Directions for this task
In this exercise, print only the lines of the records below from the one with "100% Cashmere knit" through the one with "Mitchell And Ness", inclusive. Pictures are not part of the copy.

Data in this exercise
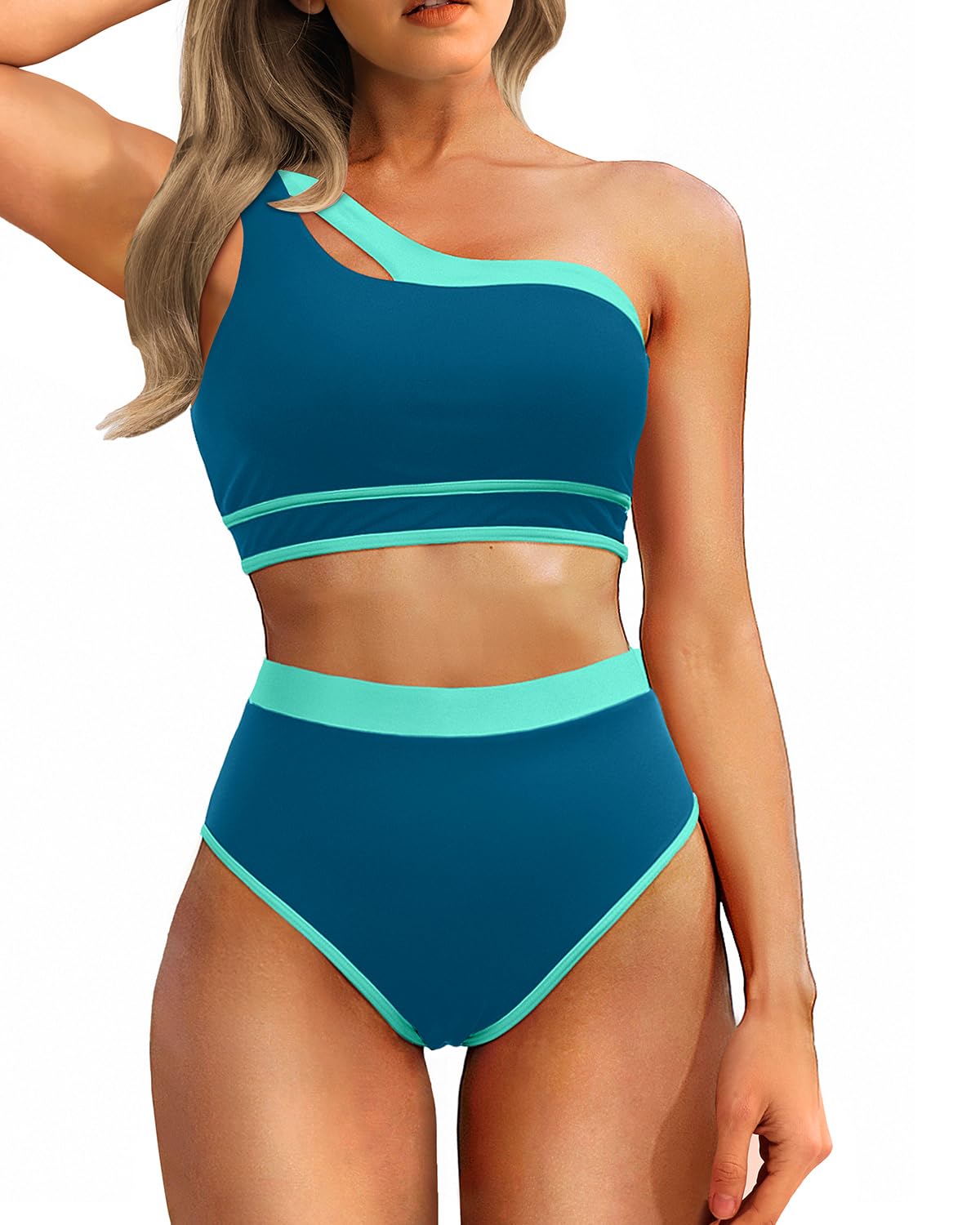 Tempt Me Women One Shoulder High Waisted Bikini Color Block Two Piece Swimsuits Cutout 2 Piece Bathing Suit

--

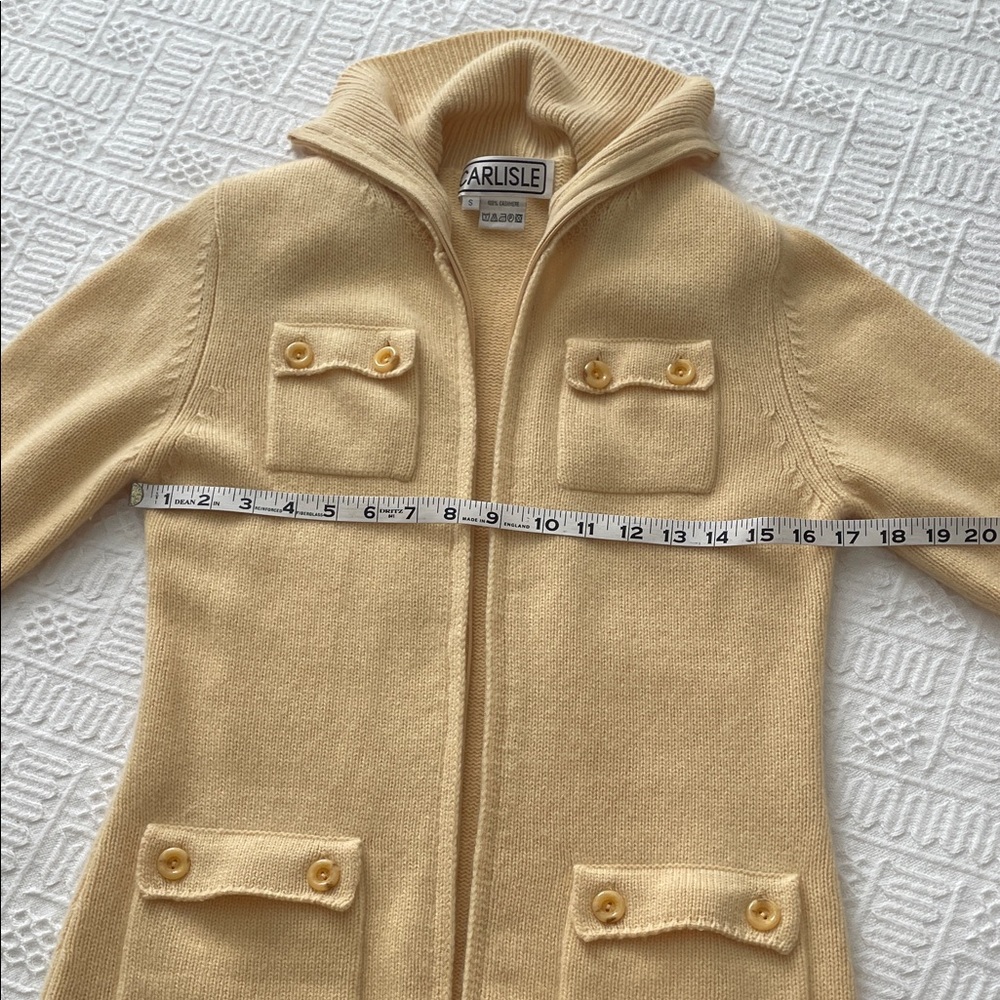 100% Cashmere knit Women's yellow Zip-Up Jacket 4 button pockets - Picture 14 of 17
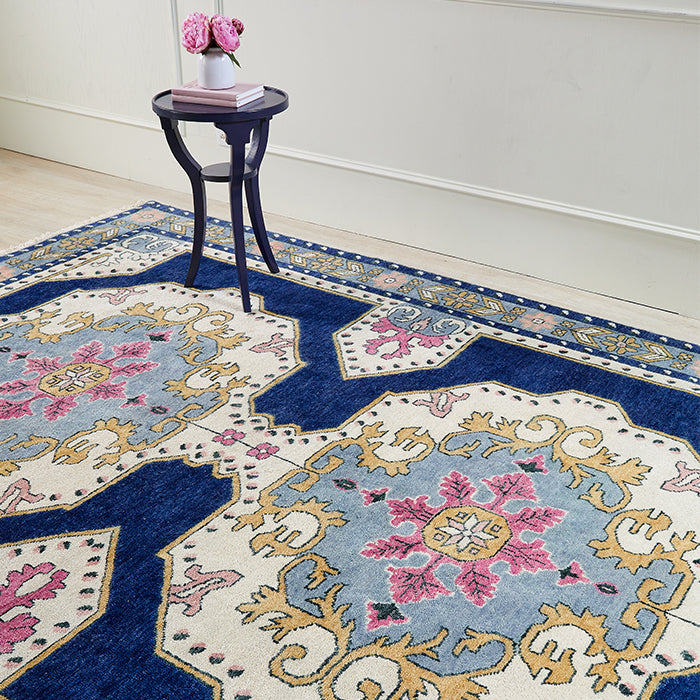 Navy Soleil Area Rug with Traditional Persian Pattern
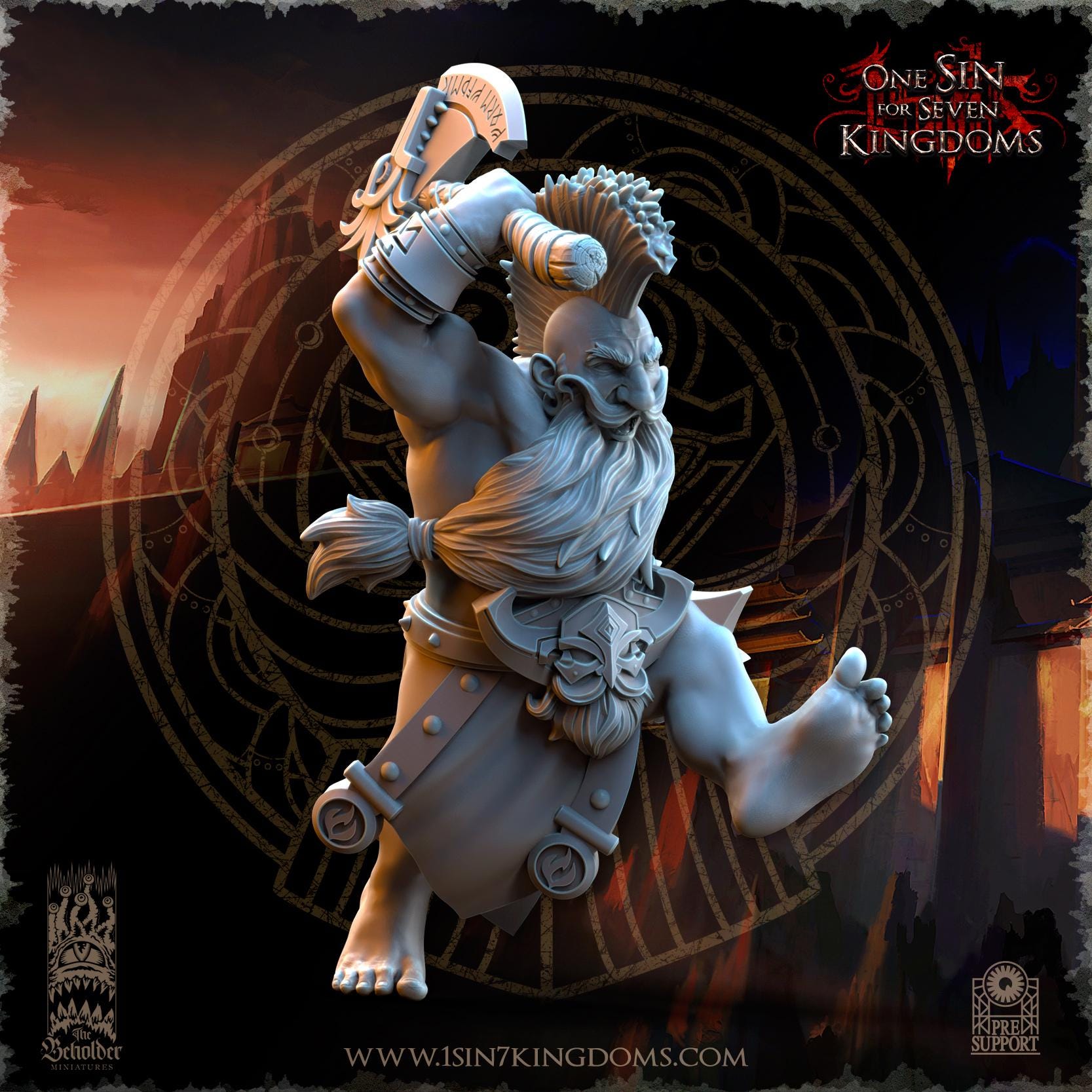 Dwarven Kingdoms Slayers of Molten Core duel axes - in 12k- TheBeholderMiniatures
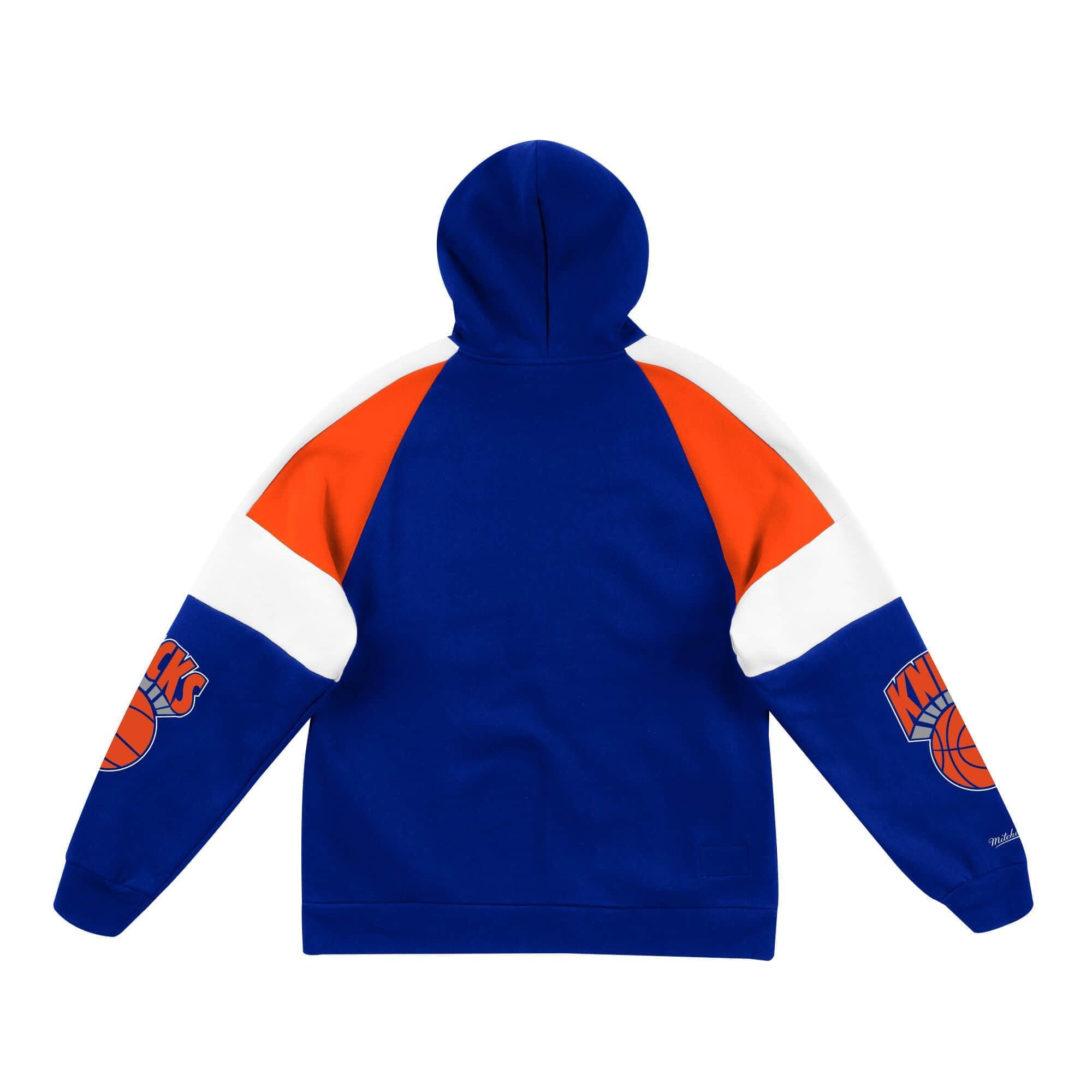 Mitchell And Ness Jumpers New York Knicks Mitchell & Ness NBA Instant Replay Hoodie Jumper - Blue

==

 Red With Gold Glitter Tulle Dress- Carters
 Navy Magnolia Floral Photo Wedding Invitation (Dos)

Answer
 100% Cashmere knit Women's yellow Zip-Up Jacket 4 button pockets - Picture 14 of 17
 Navy Soleil Area Rug with Traditional Persian Pattern
 Dwarven Kingdoms Slayers of Molten Core duel axes - in 12k- TheBeholderMiniatures
 Mitchell And Ness Jumpers New York Knicks Mitchell & Ness NBA Instant Replay Hoodie Jumper - Blue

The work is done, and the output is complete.